I'm writing a proof of concept application to consume messages from Apache Kafka 0.9.0.0 and see if I can use it instead of a common JMS message broker because of the benefits Kafka provides. This is my base code, using the new consumer API:
public class Main implements Runnable {
public static final long DEFAULT_POLL_TIME = 300;
public static final String DEFAULT_GROUP_ID = "ltmjTest";
volatile boolean keepRunning = true;
private KafkaConsumer<String, Object> consumer;
private String servers;
private String groupId = DEFAULT_GROUP_ID;
private long pollTime = DEFAULT_POLL_TIME;
private String[] topics;
public Main() {
}
//getters and setters...
public void createConsumer() {
Map<String, Object> configs = new HashMap<>();
configs.put(ConsumerConfig.BOOTSTRAP_SERVERS_CONFIG, servers);
configs.put(ConsumerConfig.GROUP_ID_CONFIG, groupId);
configs.put("enable.auto.commit", "true");
configs.put("auto.commit.interval.ms", "1000");
configs.put("session.timeout.ms", "30000");
configs.put("key.deserializer", "org.apache.kafka.common.serialization.StringDeserializer");
configs.put("value.deserializer", "org.apache.kafka.common.serialization.StringDeserializer");
consumer = new KafkaConsumer<>(configs);
consumer.subscribe(asList(topics));
}
public static void main(String[] args) {
Main main = new Main();
if (args != null && args.length > 0) {
for (String arg : args) {
String[] realArg = arg.trim().split("=", 2);
String argKey = realArg[0].toLowerCase();
String argValue = realArg[1];
switch (argKey) {
case "polltime":
main.setPollTime(Long.parseLong(argValue));
break;
case "groupid":
main.setGroupId(argValue);
break;
case "servers":
main.setServers(argValue);
break;
case "topics":
main.setTopics(argValue.split(","));
break;
}
}
main.createConsumer();
new Thread(main).start();
try (Scanner scanner = new Scanner(System.in)) {
while(true) {
String line = scanner.nextLine();
if (line.equals("stop")) {
main.setKeepRunning(false);
break;
}
}
}
}
}
I've started a kafka server using default settings and a kafka producer using the shell tool kafka-console-producer.sh
to write messages to my topic.

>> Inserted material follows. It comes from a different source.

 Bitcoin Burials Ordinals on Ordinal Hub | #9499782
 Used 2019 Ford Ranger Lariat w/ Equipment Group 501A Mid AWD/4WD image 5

Then I connect with two consumers using this code, sending the proper server to connect and topic to subscribe, everything else with default values, which means both consumers have the same group id. I notice that only one of my consumers consumes all the data. I've read that the default behaviour should be that the consumers must be balanced by the server, from the official tutorial:
If all the consumer instances have the same consumer group, then this works just like a traditional queue balancing load over the consumers.
How can I fix the consumers to behave like the default? Or maybe I'm missing something?